One Bulgarian Roma who fits few stereotypes is Tsvetelin Kanchev, 46, the burly, avuncular founder of Bulgaria’s Euroma Party. With his black limousine, earpiece-wearing bodyguard and personalised DVD of Bulgarian folk songs, he comes across at first glance as just another garrulous Roma strongman.

He claims, for example, that his family put the original curse on America’s Kennedy clan, after one Patrick Kennedy refused to marry one of his ancestors in Ireland in 1836. However, the former petrol station boss is nothing if not upwardly mobile. His son Gyorgi, 16, was educated at boarding school in Suffolk, and speaks in perfect English of his desire to become a stockbroker. And the aim of his father’s party is to improve the Bulgarian Roma’s lot to the point where they no longer need to head west in the first place.
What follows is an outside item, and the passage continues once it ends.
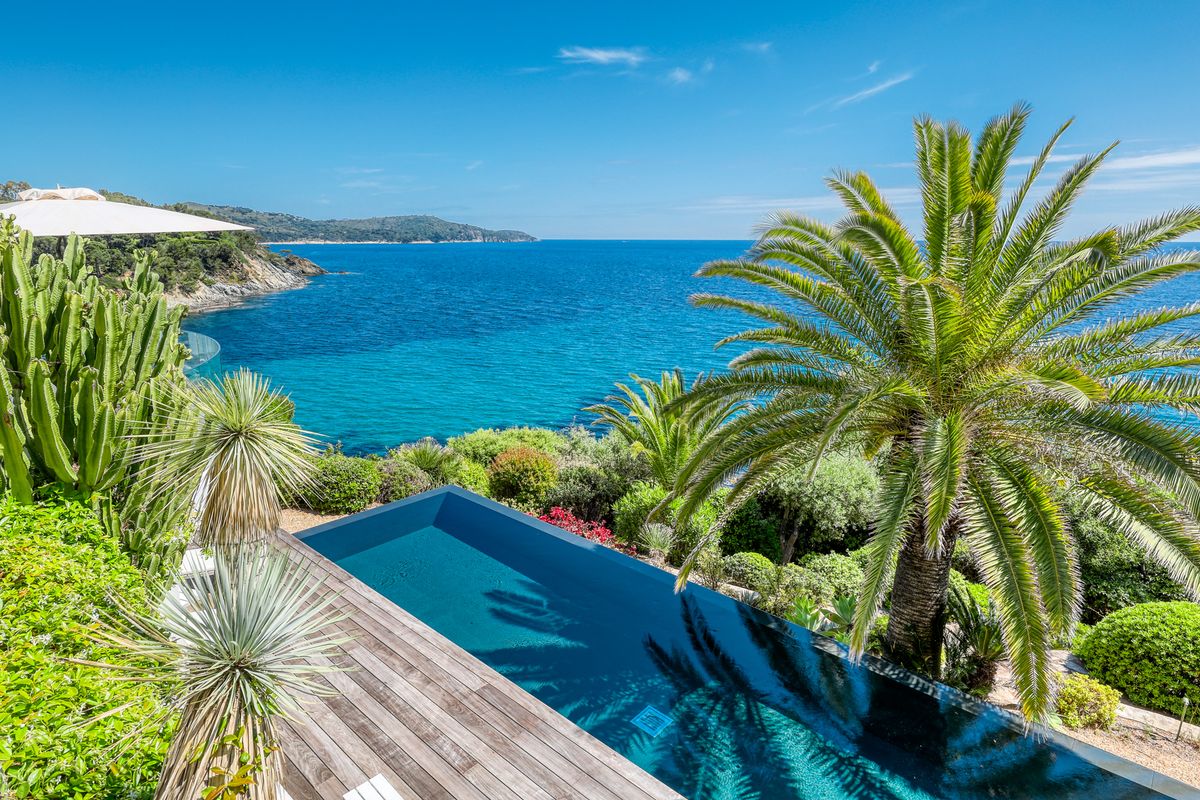 Waterfront Villa with 180° Views and Private Sea Access, La Croix Valmer, France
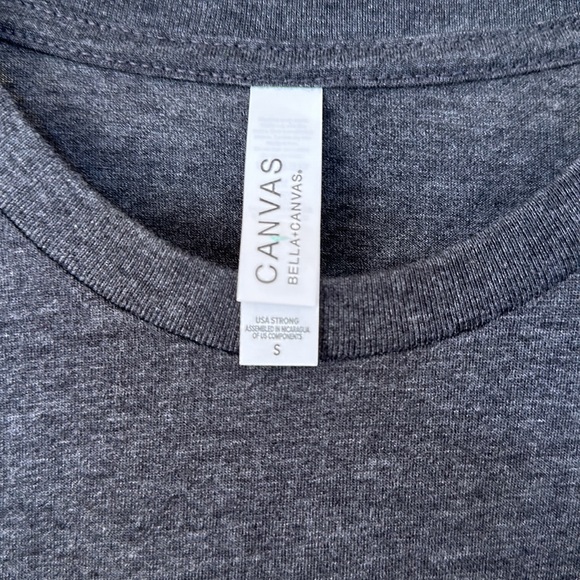 Yellowstone Dutton Ranch Women’s T size Small, NEW. - Picture 2 of 4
“In the towns where we have a presence, our people get equal rights and we improve the infrastructure,” he says during a tour of the ghetto in Sofia that is his power base. “Ninety per cent of children here now go to primary school, for example, And you should see one of our towns on the Black Sea coast — it looks so nice nowadays, we call it Beverly Hills.”
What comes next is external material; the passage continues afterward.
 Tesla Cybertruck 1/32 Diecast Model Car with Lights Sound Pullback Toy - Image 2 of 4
It is inspiring stuff — until Mr Kanchev makes it clear he only really speaks on behalf of Bulgarian Roma. He is rather less complimentary about the Kalderash, a caste predominant in Romania, whom he describes as born thieves.

“According to the Kalderash’s tribal mythology, a Kalderash kid stole the nails when the ancient Romans were about to crucify Jesus,” he said. “They had to postpone the crucifixion, and as a result, they were blessed personally by Jesus to be thieves. The problem you British will face is from the Kalderash of Romania, believe me.”

Could that be true? Fortunately, most other Roma say the story bears as about as much truth as Mr Kanchev’s claims about the Kennedy curse. “To say all Kalderash people are like that is to use the language of Nazi scientific theory,” said Mr Tahir.

But with their peers still willing to peddle such stories, it is perhaps not surprising that the image the Roma have had since medieval times looks likely to follow them west. As Mr Kanchev points out, though, every community has its bogeymen. “We have some Britons in jail here in Bulgaria for sex offences against children,” he said.

“We don’t lump them together with Shakespeare. And you shouldn’t judge us Roma by our criminals.”